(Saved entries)
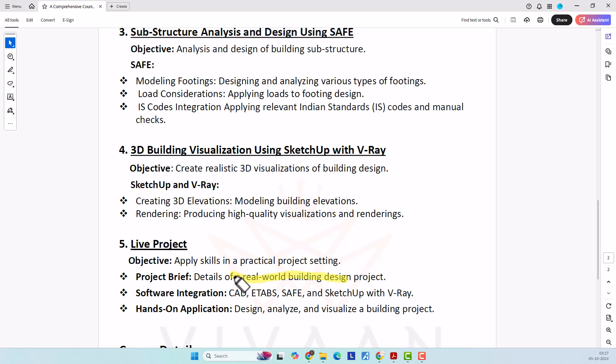It is suitable for civil engineering students or professionals, and similarly for structural engineering students and professionals.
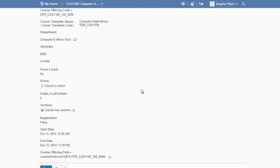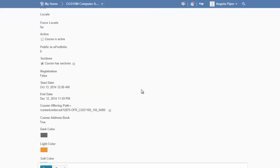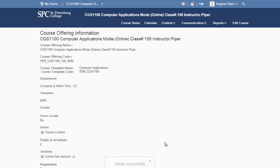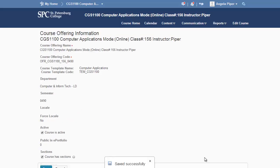Scroll down and locate the Course is Active checkbox. Check that box and click on Save to activate your course. You will need to activate your course before students have access.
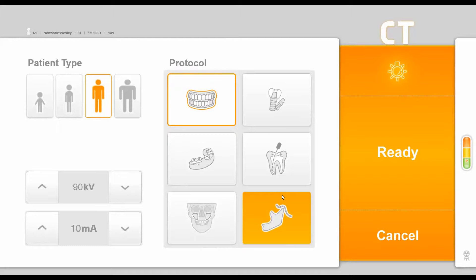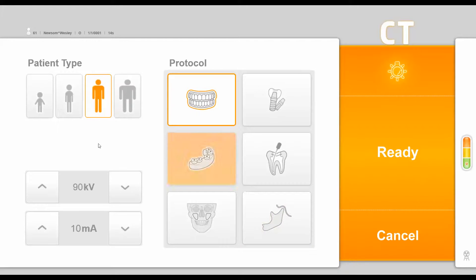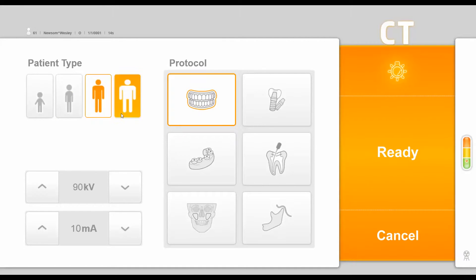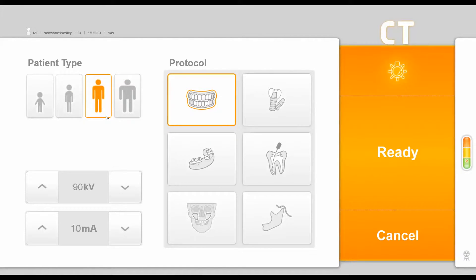In the top left corner, we can choose our patient type from a child to a small, medium, or large adult, and you will notice that it defaulted to the medium adult setting. You also have the option to change the KV and MA settings in the lower left corner if you decide.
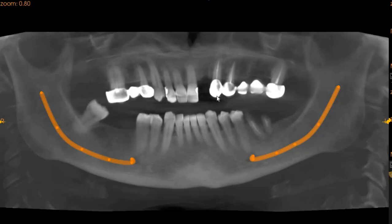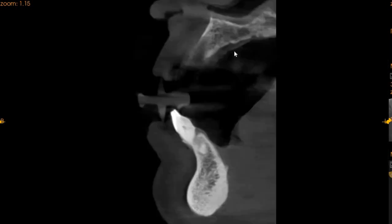Moving to the panoramic view, we can see that we have adequate distance between the central incisor and the canine, which is part of the bridge. On the transaxial view, we can see that there is a lack of a buccal cortical plate in this region.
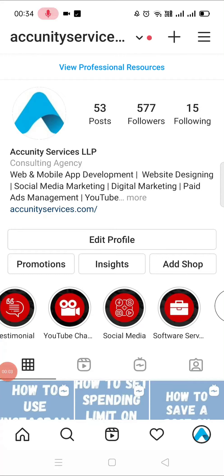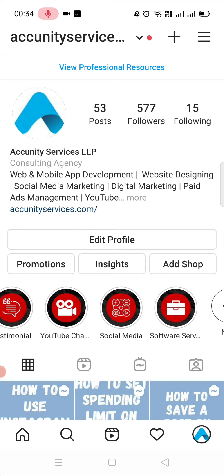Hello everyone, this is Rajan here from Ekinity Services. In today's video, we will see that if you have an Instagram business profile and you want to put some of your Reels or IGTV videos in your profile grid, but that video is not showing in your profile grid — what can you do to fix that?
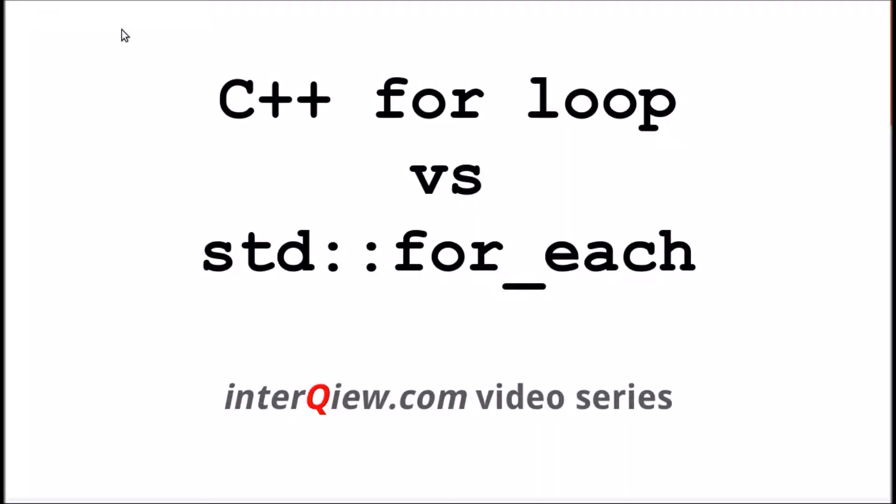Welcome to interqueue.com. C++ developers often ask if there is any difference between regular C++ for loop and STL for each function. Is there really something special inside for each function that makes it worth to use?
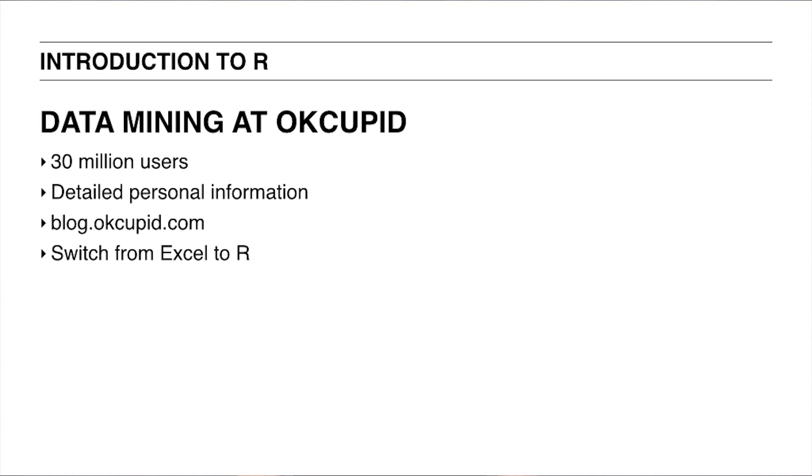Using its data, OKCupid often posts funny and surprising insights about their users, such as recommendations concerning the best questions on a first date, or the difference in preference between black and white people. In the beginning, the team of OKCupid simply used Excel. But after some months, they switched to R. This change has made their analysis both better and faster, and allowed them to make better visualizations as well.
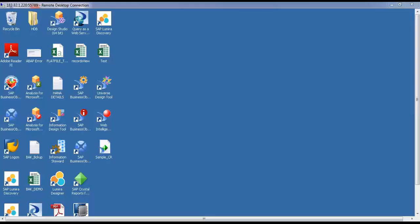So we are in the HANA remote server. Last time we were discussing SAP Lumira and how to access HANA views using Lumira.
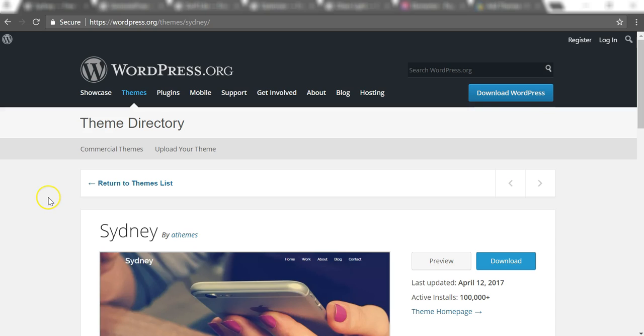These themes I'm going to go over are all free themes to use. They all have differences between one another, but the big underlying fact is that they're free and anyone can use them. Download them and use them on WordPress as long as you have hosting, and you'll be able to have a live site using these free themes.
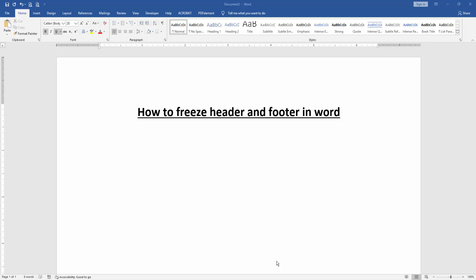Assalamualaikum, hello friends! How are you? Welcome back to another video. In this video, I'm going to show you how to freeze header and footer in Microsoft Word. Let's get started. First, we have to open a Word document.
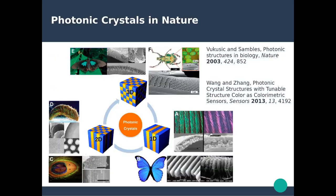Photonic crystals exist in nature, as we've just seen — ranging from one-dimensional photonic crystals where the periodicity is in only one dimension, to two-dimensional and even three-dimensional periodicity. References from the previous slides are also listed if you want to dive deeper into photonic crystals in nature. Now let's dive more into the physics of photonic crystals and see what makes them so interesting.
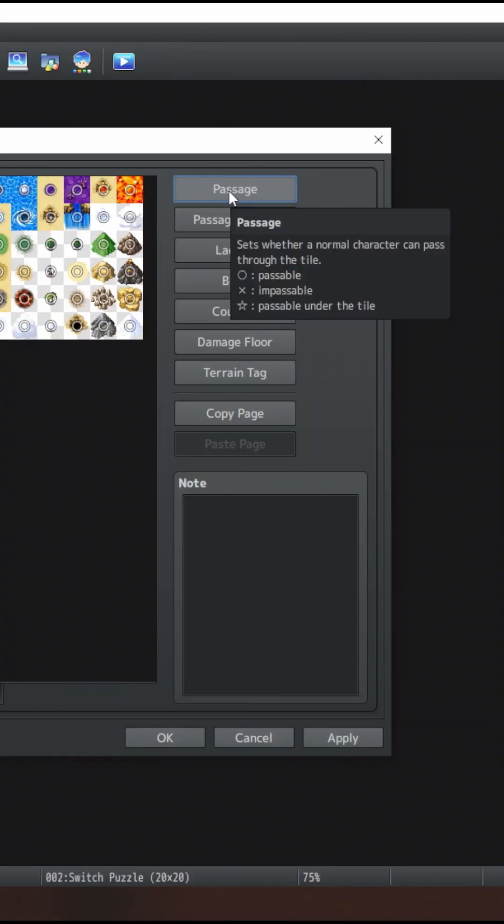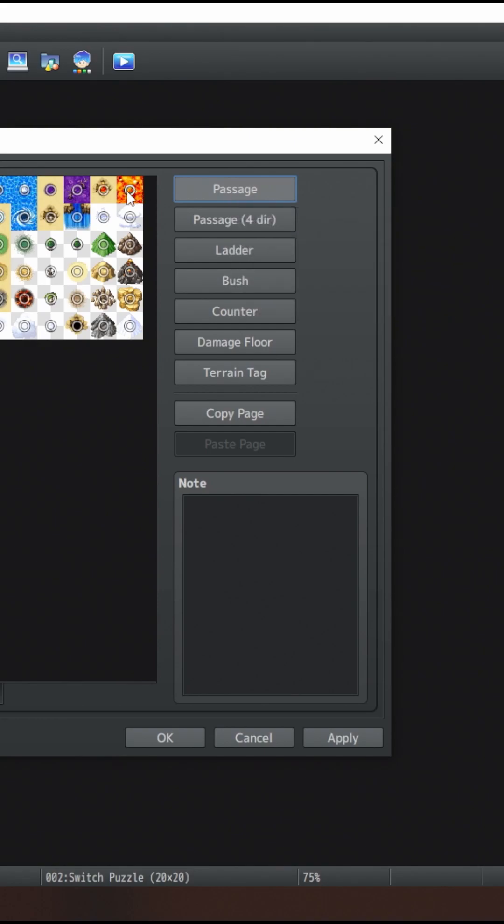The Passage category tells the engine the passability of a tile. Circle being a tile that you can walk on, X being a tile that you can't walk on, and Star being a tile that you can walk underneath, meaning the player sprite would go underneath that tile.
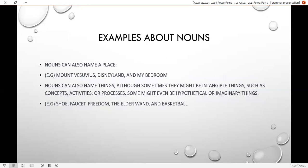Nouns can also name a place. For example, Mount Vesuvius, Disneyland, and my bedroom.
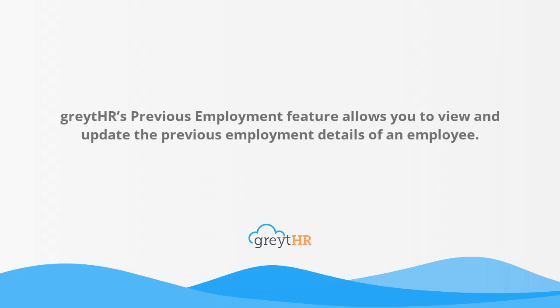greytHR's Previous Employment feature allows you to view and update the previous employment details of an employee.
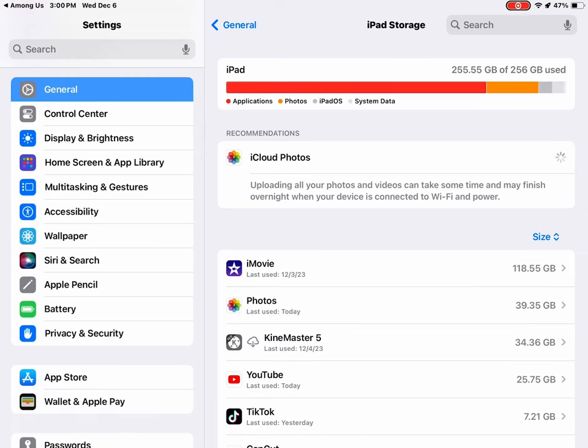Screen recording in progress. Screen recording in progress. Button.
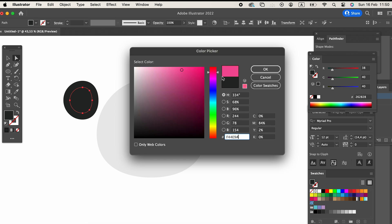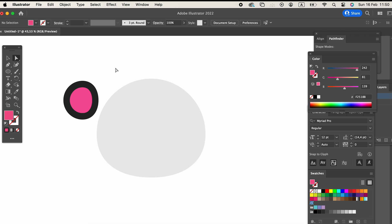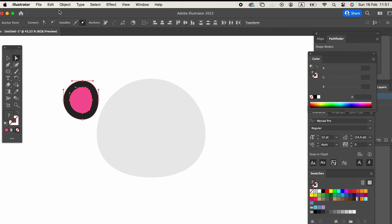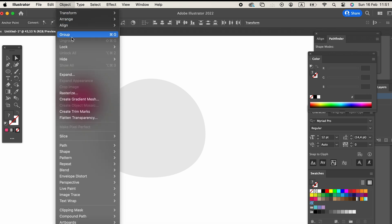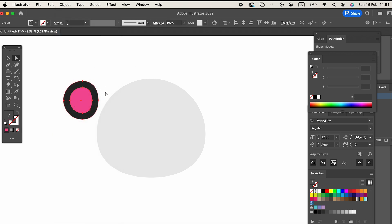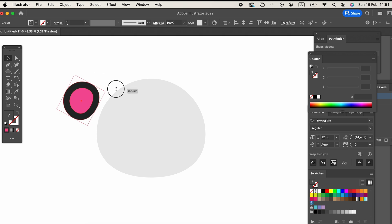For this video, I've chosen to create a panda vector. Pandas are adorable creatures that deserve attention. In this tutorial, you'll not only learn how to design a panda vector, but also how to transform it into 3D.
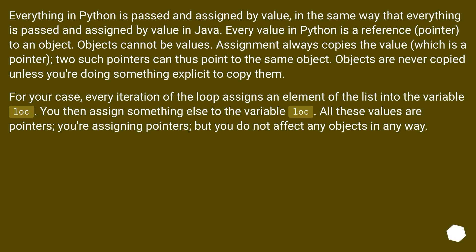For your case, every iteration of the loop assigns an element of the list into the variable lock. You then assign something else to the variable lock. All these values are pointers. You're assigning pointers, but you do not affect any objects in any way.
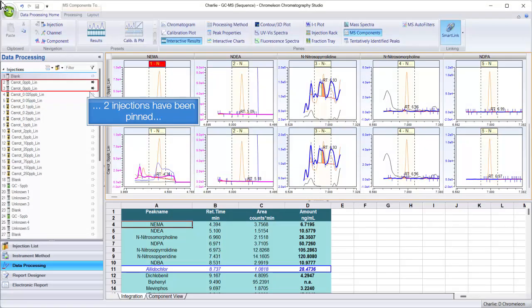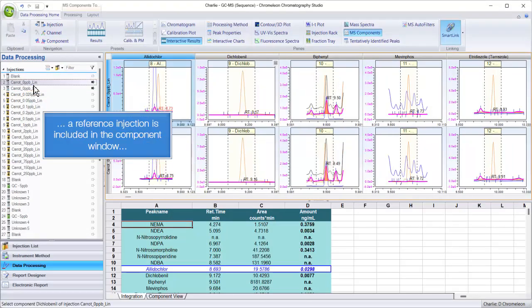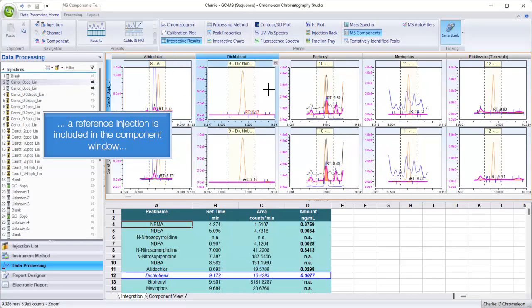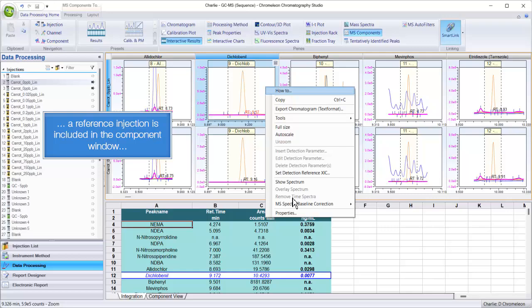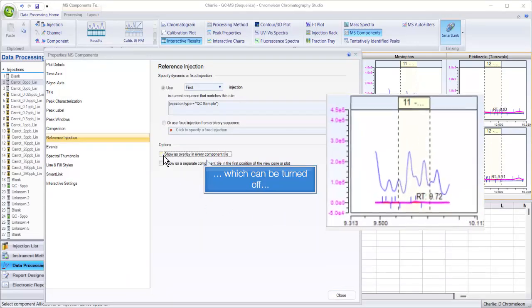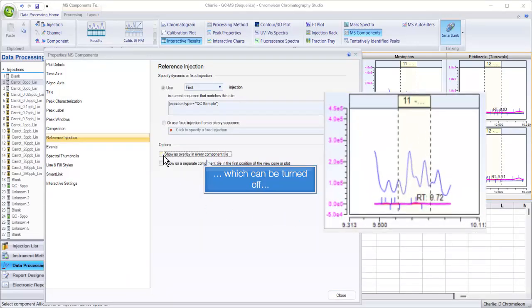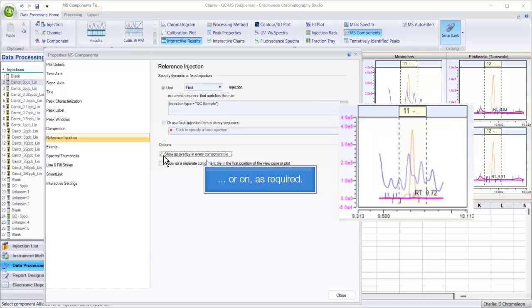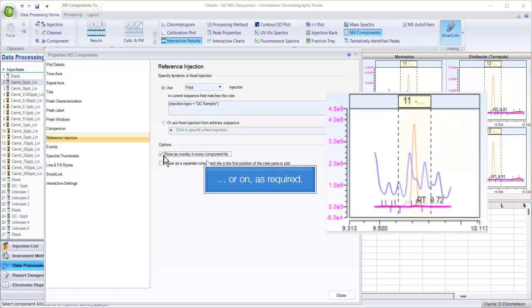Two injections have been pinned. A reference injection is included in the component window, which can be turned off or on as required.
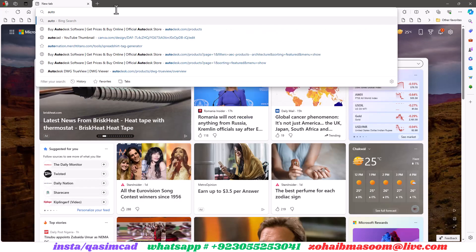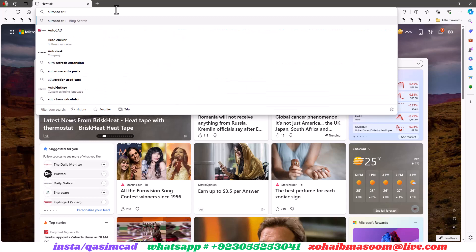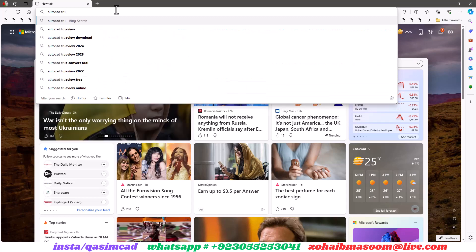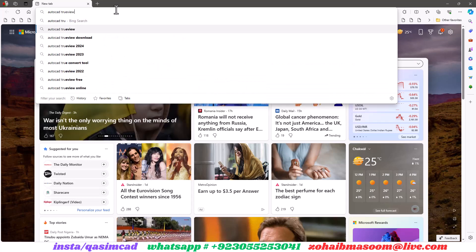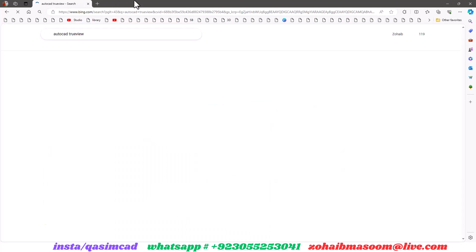First of all go to internet browser and type AutoCAD TrueView in search bar, and click on first Autodesk website link.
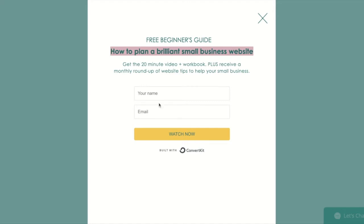When people add their name and their email address and they click on watch now, then their information gets sent to ConvertKit and they receive an email from me with the video.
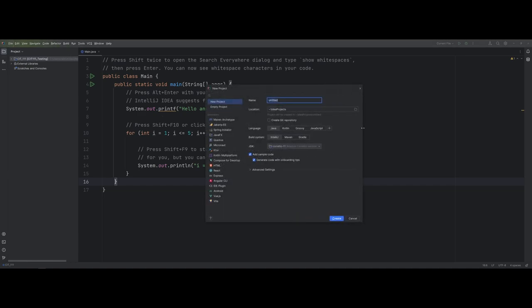Let's talk about what you're seeing here. IntelliJ's primary focus is Java, but as you can see, you do have options for different project generators. For the name, I'm going to call it 'video demo.' The location is where you save the project — by default on your personal machine, it generates a folder called IdeaProjects where all your project folders are stored. Also, if you're working with Git, you can generate the repository when you make the folder, but I'm going to skip that for now. I'll leave it on Java and use the IntelliJ build system.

• **Exercise prompt**: Only one stretch of the data is wanted: write out exactly the lines from the one holding "Photonic crystals exist" through the one holding "For your case, every", both included, without the pictures.

• **Result of the exercise**:
Photonic crystals exist in nature, as we've just seen — ranging from one-dimensional photonic crystals where the periodicity is in only one dimension, to two-dimensional and even three-dimensional periodicity. References from the previous slides are also listed if you want to dive deeper into photonic crystals in nature. Now let's dive more into the physics of photonic crystals and see what makes them so interesting.
The Passage category tells the engine the passability of a tile. Circle being a tile that you can walk on, X being a tile that you can't walk on, and Star being a tile that you can walk underneath, meaning the player sprite would go underneath that tile.
Nouns can also name a place. For example, Mount Vesuvius, Disneyland, and my bedroom.
greytHR's Previous Employment feature allows you to view and update the previous employment details of an employee.
Screen recording in progress. Screen recording in progress. Button.
For this video, I've chosen to create a panda vector. Pandas are adorable creatures that deserve attention. In this tutorial, you'll not only learn how to design a panda vector, but also how to transform it into 3D.
For your case, every iteration of the loop assigns an element of the list into the variable lock. You then assign something else to the variable lock. All these values are pointers. You're assigning pointers, but you do not affect any objects in any way.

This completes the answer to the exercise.